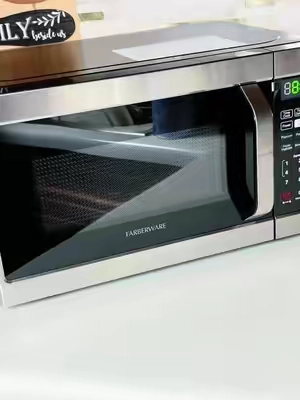 #microwave #microondas #kitchen #TikTokshopbacktoschool @QVC, Inc microondas perfecto para ahorra espacio con 700 watts de potencia y 6 modos automáticos 👌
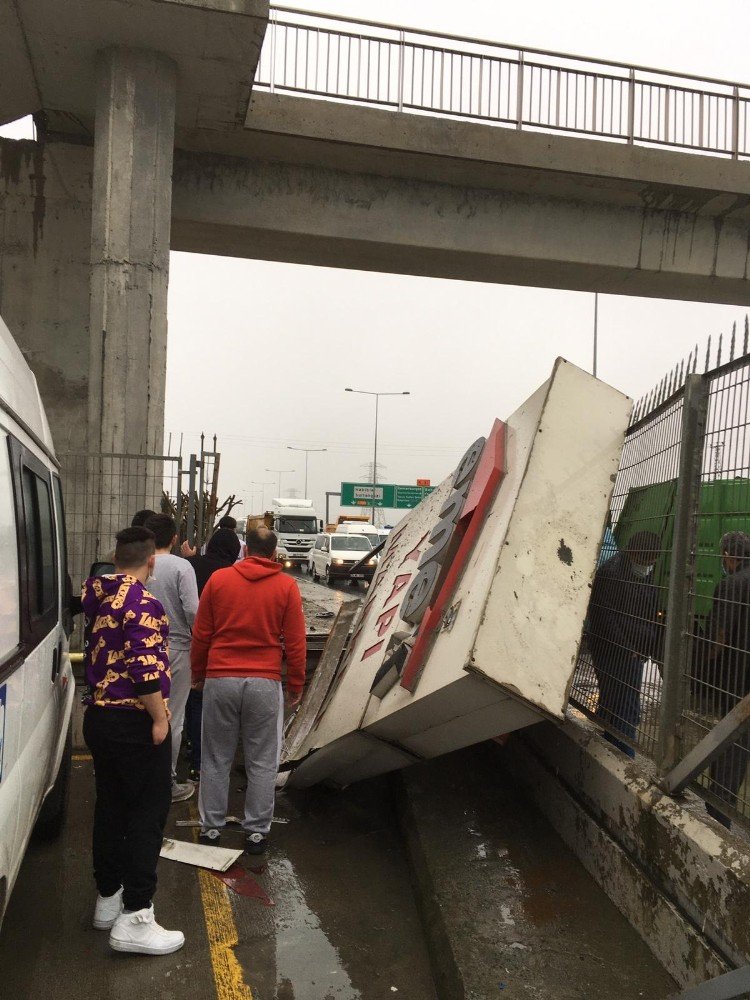 Kontrolden çıkan otomobil önce köprü ayağına sonra iş yerine çarparak ikiye ayrıldı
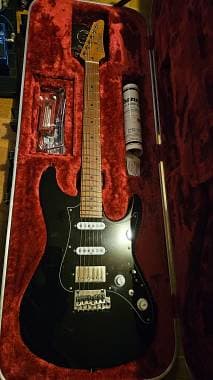 Ibanez AZ2204b Prestige (condizioni perfette) made in Japan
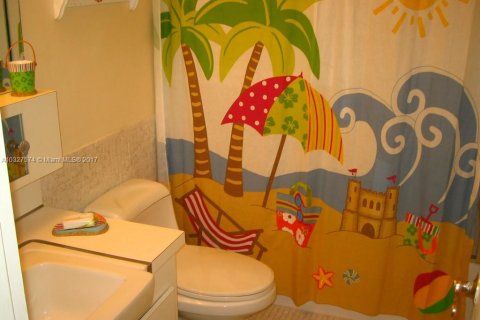 Condo in Hollywood, Florida, 2 bedrooms № 1973601 - photo 7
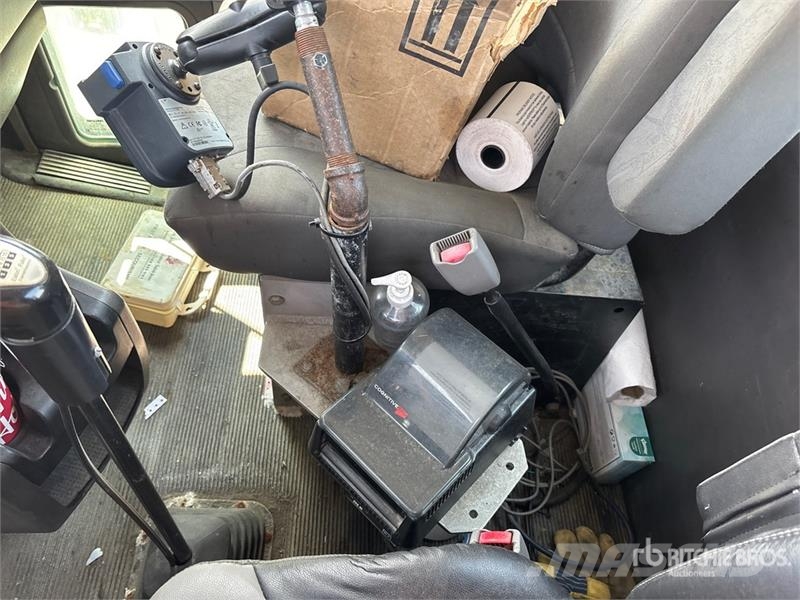 Kenworth T800 6x4 Cab and Chassis (Inoperable) Cabine en interieur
◆ ◆ ◆ ◆ ◆ ◆ ◆
## INSTRUCTIONS TO FOLLOW:
Write out again, exactly, only the lines from the beginning of the material above to the line that holds "Ibanez AZ2204b Prestige", both ends included, and no pictures.

## RESPONSE BOX:
 #microwave #microondas #kitchen #TikTokshopbacktoschool @QVC, Inc microondas perfecto para ahorra espacio con 700 watts de potencia y 6 modos automáticos 👌
 Kontrolden çıkan otomobil önce köprü ayağına sonra iş yerine çarparak ikiye ayrıldı
 Ibanez AZ2204b Prestige (condizioni perfette) made in Japan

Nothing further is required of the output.